## Activity
Nothing but the pictures should be dropped; repeat the rest of the data below exactly.

## Dataset content
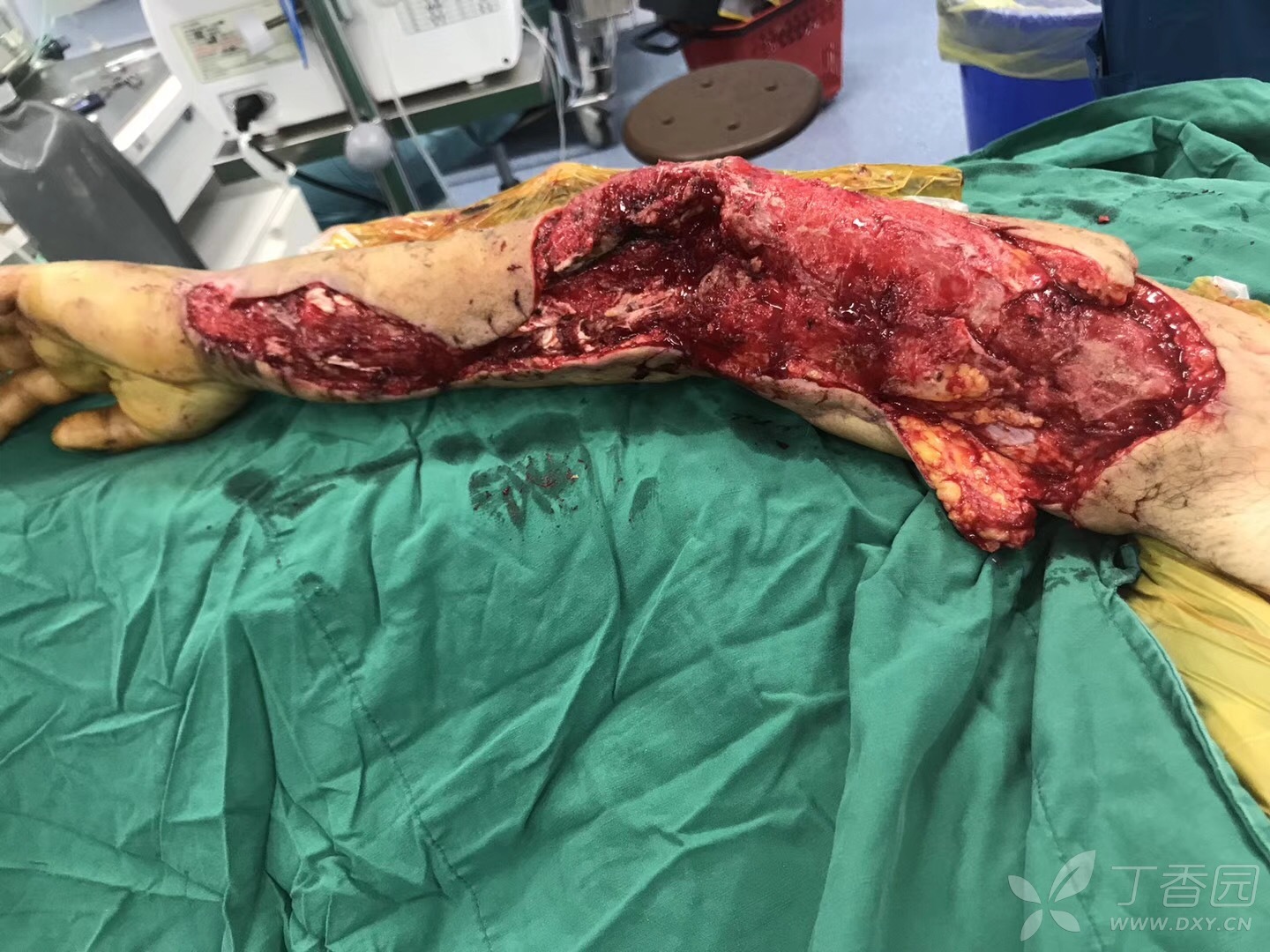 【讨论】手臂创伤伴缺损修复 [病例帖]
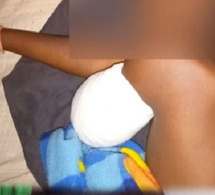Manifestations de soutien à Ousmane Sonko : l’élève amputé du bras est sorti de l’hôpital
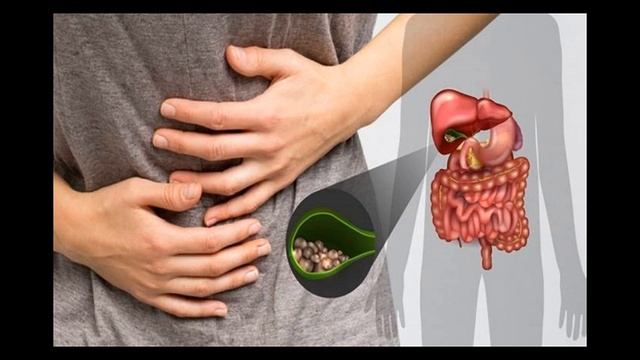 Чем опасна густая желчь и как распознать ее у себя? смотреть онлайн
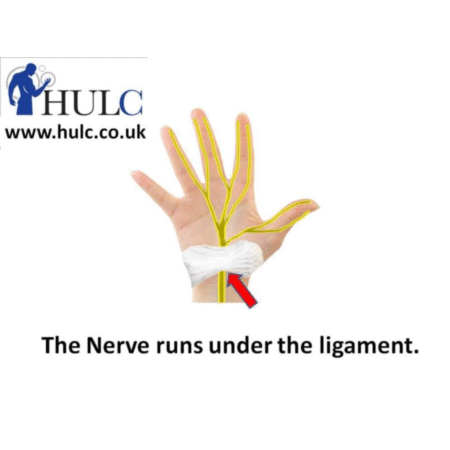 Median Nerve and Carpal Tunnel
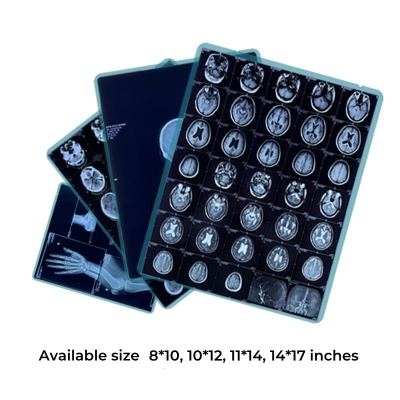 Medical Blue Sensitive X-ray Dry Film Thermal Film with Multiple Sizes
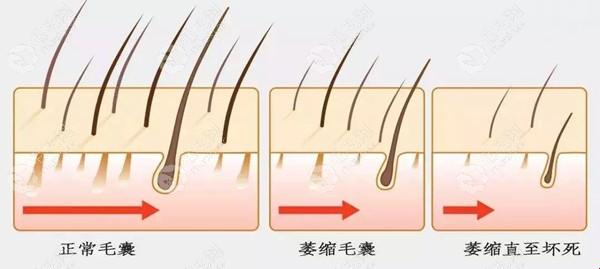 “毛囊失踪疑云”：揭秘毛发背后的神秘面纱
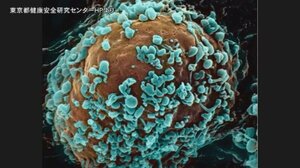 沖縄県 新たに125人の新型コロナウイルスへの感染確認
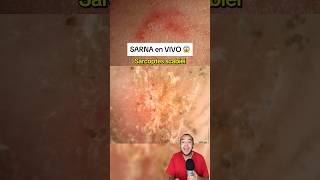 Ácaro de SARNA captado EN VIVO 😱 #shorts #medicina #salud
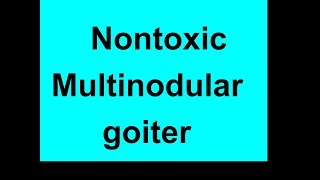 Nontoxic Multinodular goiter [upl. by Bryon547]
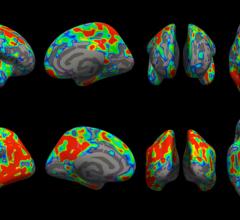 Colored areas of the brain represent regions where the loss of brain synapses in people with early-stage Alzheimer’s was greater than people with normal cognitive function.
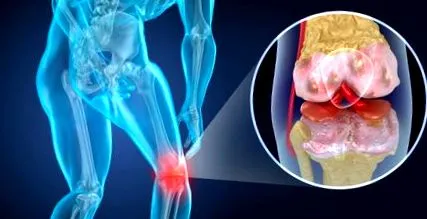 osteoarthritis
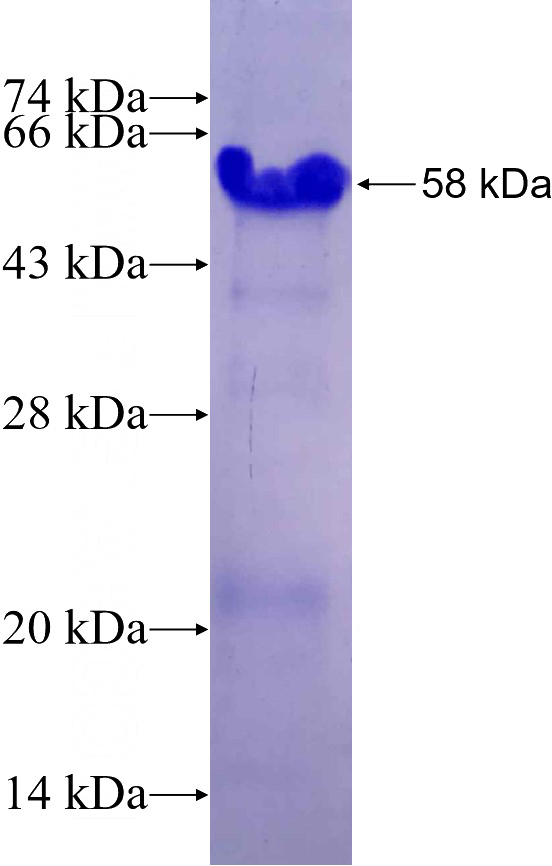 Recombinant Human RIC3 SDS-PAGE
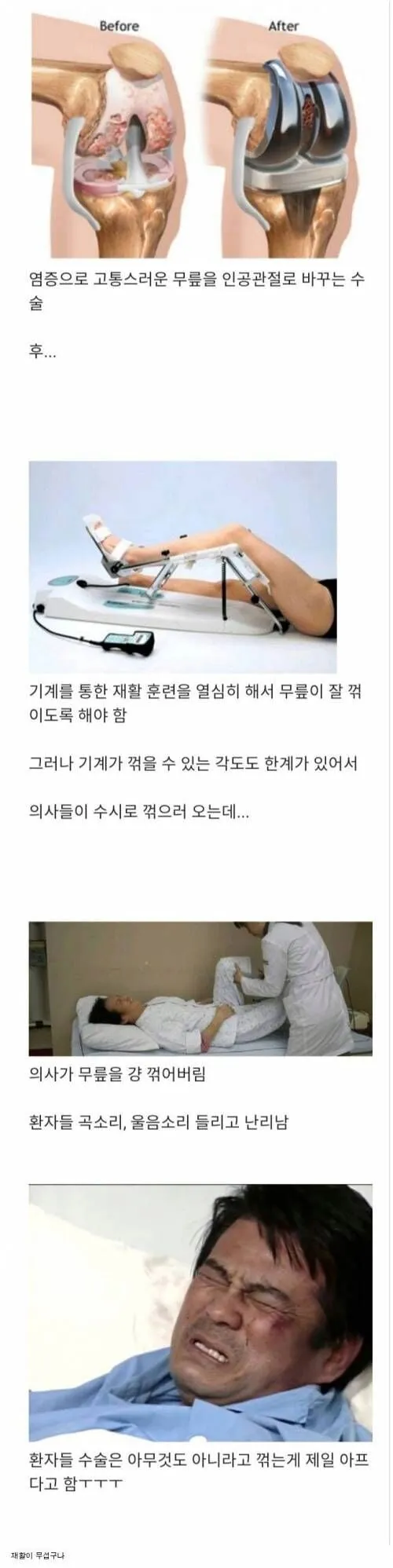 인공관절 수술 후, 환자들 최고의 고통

## Response to this task
 【讨论】手臂创伤伴缺损修复 [病例帖]
Manifestations de soutien à Ousmane Sonko : l’élève amputé du bras est sorti de l’hôpital
 Чем опасна густая желчь и как распознать ее у себя? смотреть онлайн
 Median Nerve and Carpal Tunnel
 Medical Blue Sensitive X-ray Dry Film Thermal Film with Multiple Sizes
 “毛囊失踪疑云”：揭秘毛发背后的神秘面纱
 沖縄県 新たに125人の新型コロナウイルスへの感染確認
 Ácaro de SARNA captado EN VIVO 😱 #shorts #medicina #salud
 Nontoxic Multinodular goiter [upl. by Bryon547]
 Colored areas of the brain represent regions where the loss of brain synapses in people with early-stage Alzheimer’s was greater than people with normal cognitive function.
 osteoarthritis
 Recombinant Human RIC3 SDS-PAGE
 인공관절 수술 후, 환자들 최고의 고통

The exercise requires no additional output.